■ Information provided:
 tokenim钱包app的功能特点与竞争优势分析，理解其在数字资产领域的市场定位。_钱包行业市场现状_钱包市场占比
--
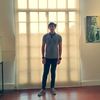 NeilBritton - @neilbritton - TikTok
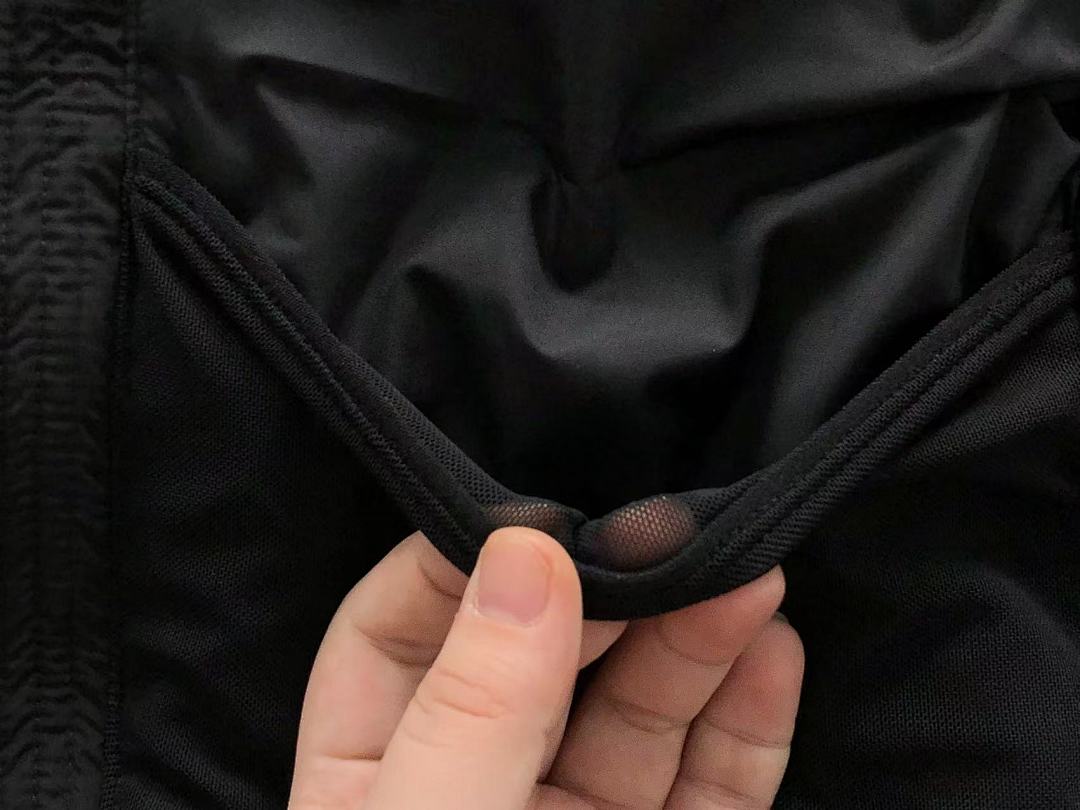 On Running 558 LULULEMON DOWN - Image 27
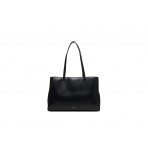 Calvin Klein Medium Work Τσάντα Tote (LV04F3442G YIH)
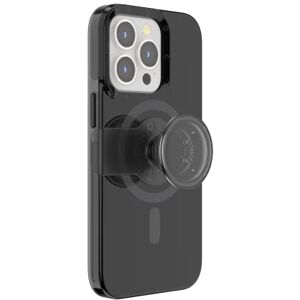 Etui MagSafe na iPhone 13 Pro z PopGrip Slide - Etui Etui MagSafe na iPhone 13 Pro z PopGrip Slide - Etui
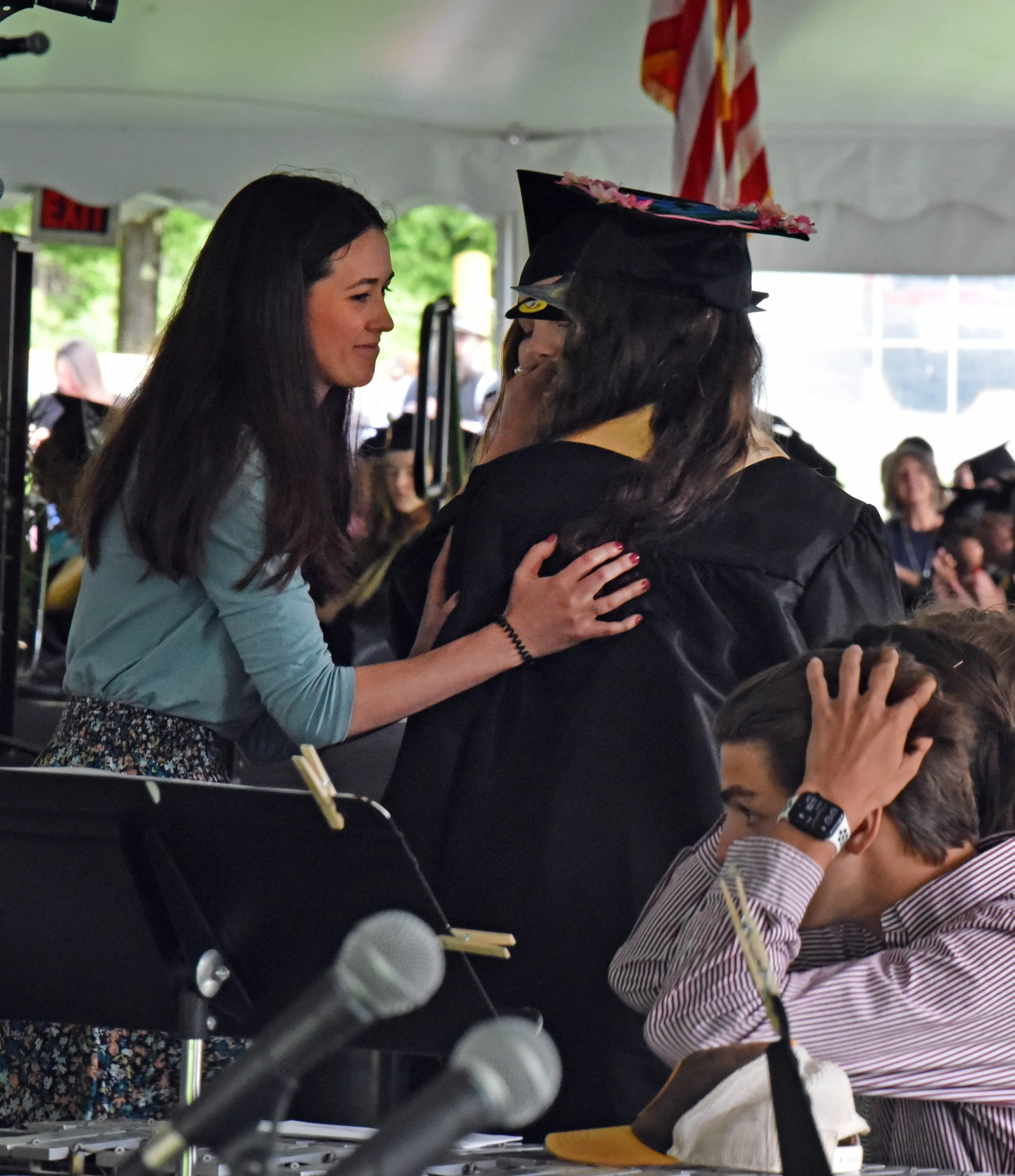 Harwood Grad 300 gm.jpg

■ How to complete this task:
Copy out the listing above from the line containing "On Running 558 LULULEMON DOWN - Image 27" to the line containing "Harwood Grad 300 gm.jpg", both included, exactly as written and minus the images.

■ Final answer:
 On Running 558 LULULEMON DOWN - Image 27
 Calvin Klein Medium Work Τσάντα Tote (LV04F3442G YIH)
 Etui MagSafe na iPhone 13 Pro z PopGrip Slide - Etui Etui MagSafe na iPhone 13 Pro z PopGrip Slide - Etui
 Harwood Grad 300 gm.jpg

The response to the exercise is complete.